- [Directions] When you repeat the listing below, keep every word exactly and leave out each picture.

- [Provided data]
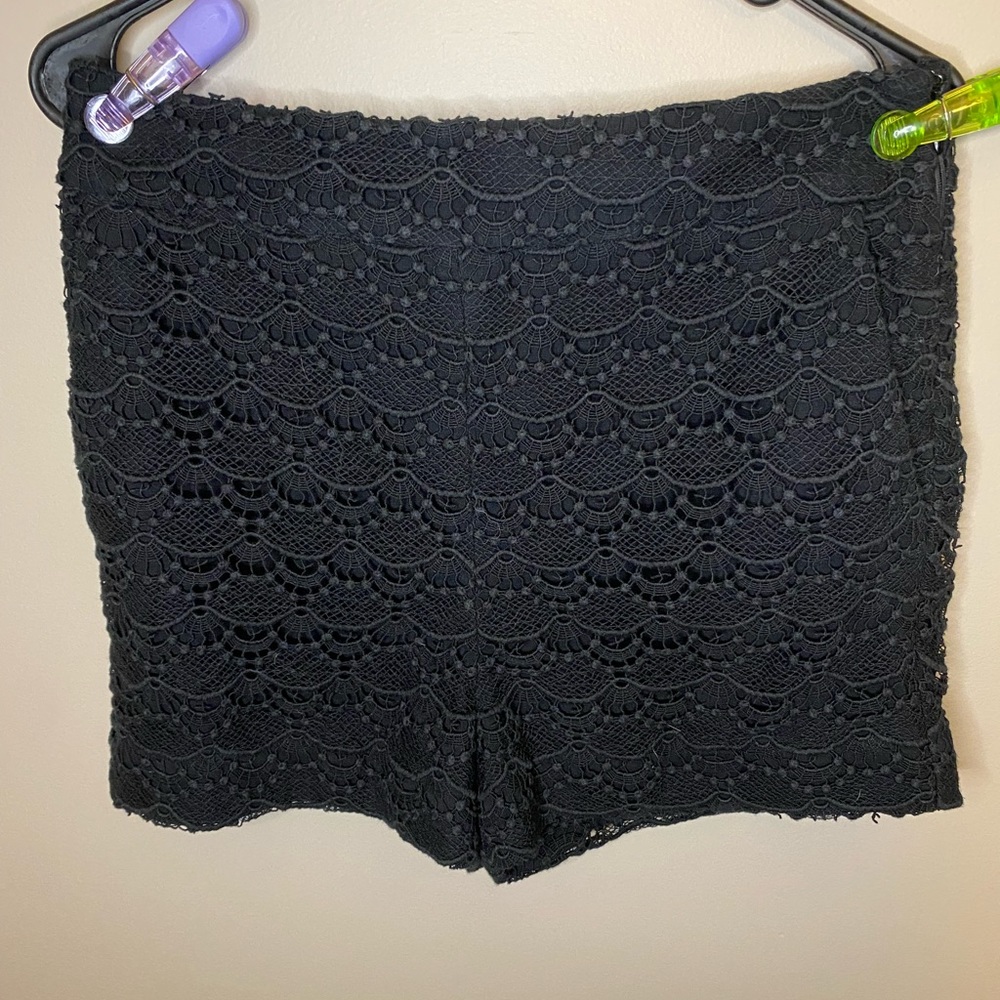 EXPRESS black crochet shorts, NWT, size 8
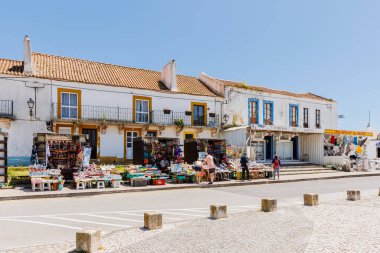 Nazare, Portekiz - 28 Mayıs 2024: Nazare Sitio 'nun merkezi meydanı güzel bir bahar gününde turistleri ve sokak satıcılarıyla birlikte tepede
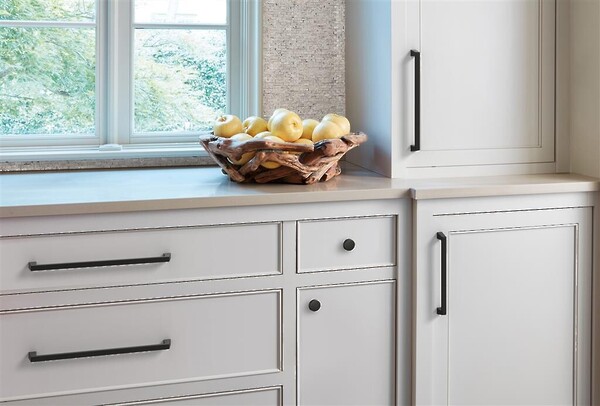 Blackrock -Appliance Pull 18" CC Black Bronze Bar Pull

- [Output of the task]
 EXPRESS black crochet shorts, NWT, size 8
 Nazare, Portekiz - 28 Mayıs 2024: Nazare Sitio 'nun merkezi meydanı güzel bir bahar gününde turistleri ve sokak satıcılarıyla birlikte tepede
 Blackrock -Appliance Pull 18" CC Black Bronze Bar Pull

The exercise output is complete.